— TASK REQUIREMENTS —
Copy the lines below exactly, starting at the one with "Chiikawas Niedliche Cartoon" and ending at the one with "Sandwich art glass", and leave out any picture.

— GIVEN RECORDS —
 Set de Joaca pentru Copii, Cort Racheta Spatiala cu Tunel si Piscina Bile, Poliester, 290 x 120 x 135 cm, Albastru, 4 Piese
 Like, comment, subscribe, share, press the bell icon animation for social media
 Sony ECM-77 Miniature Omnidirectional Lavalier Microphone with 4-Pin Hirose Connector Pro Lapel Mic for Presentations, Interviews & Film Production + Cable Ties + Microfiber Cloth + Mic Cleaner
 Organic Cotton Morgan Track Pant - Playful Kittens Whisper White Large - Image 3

---

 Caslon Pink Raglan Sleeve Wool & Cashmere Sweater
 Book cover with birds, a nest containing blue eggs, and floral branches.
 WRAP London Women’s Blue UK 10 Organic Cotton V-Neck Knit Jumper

==

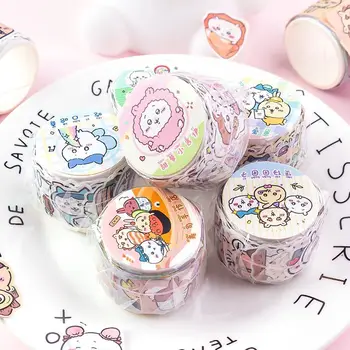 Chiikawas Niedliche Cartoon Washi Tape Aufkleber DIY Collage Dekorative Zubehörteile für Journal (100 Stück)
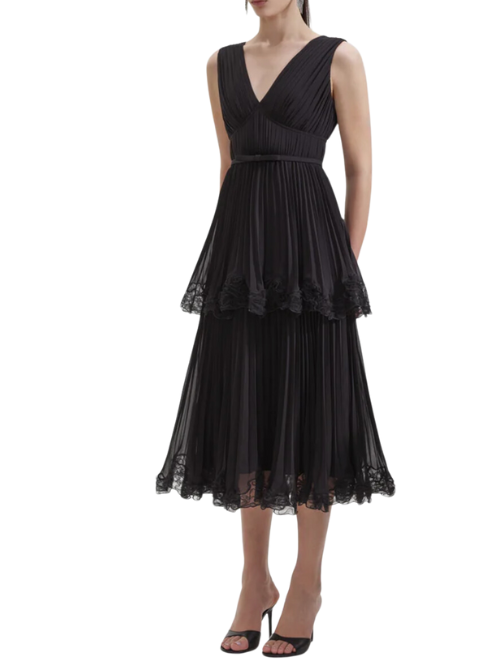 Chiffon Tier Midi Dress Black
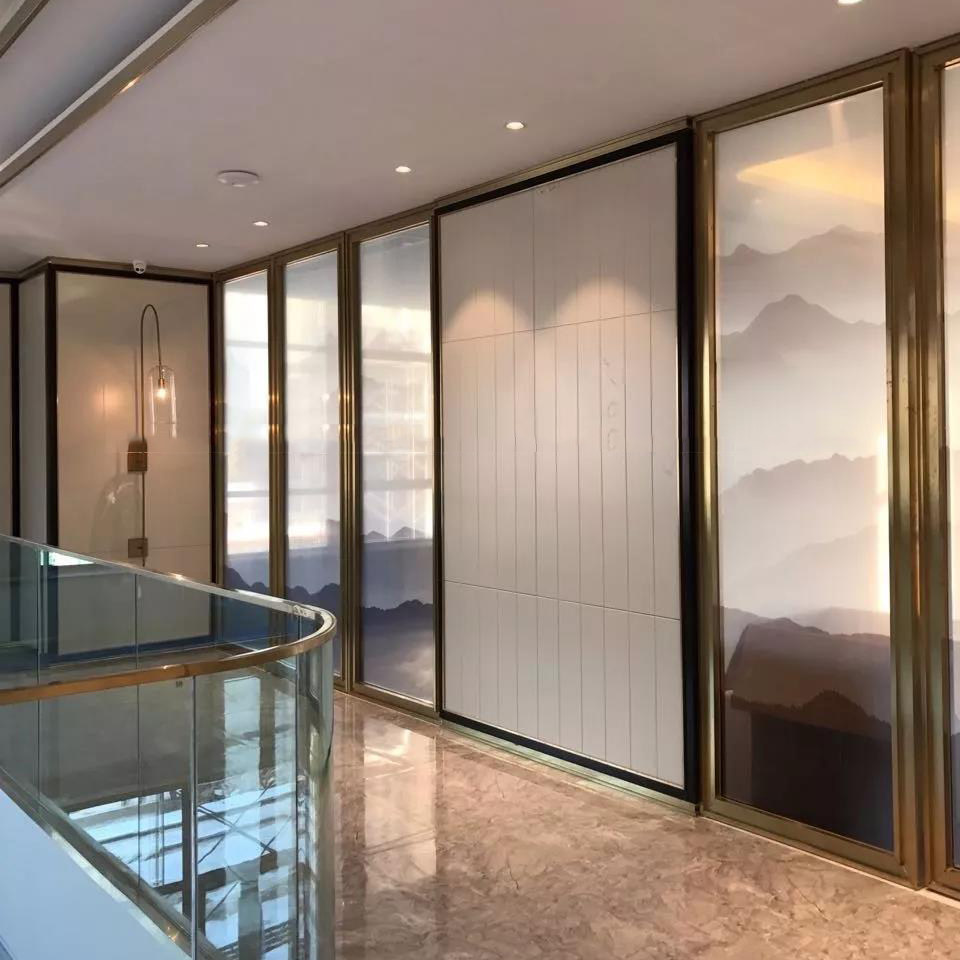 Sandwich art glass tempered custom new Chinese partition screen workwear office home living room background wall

— SOLVED PROBLEM —
 Chiikawas Niedliche Cartoon Washi Tape Aufkleber DIY Collage Dekorative Zubehörteile für Journal (100 Stück)
 Chiffon Tier Midi Dress Black
 Sandwich art glass tempered custom new Chinese partition screen workwear office home living room background wall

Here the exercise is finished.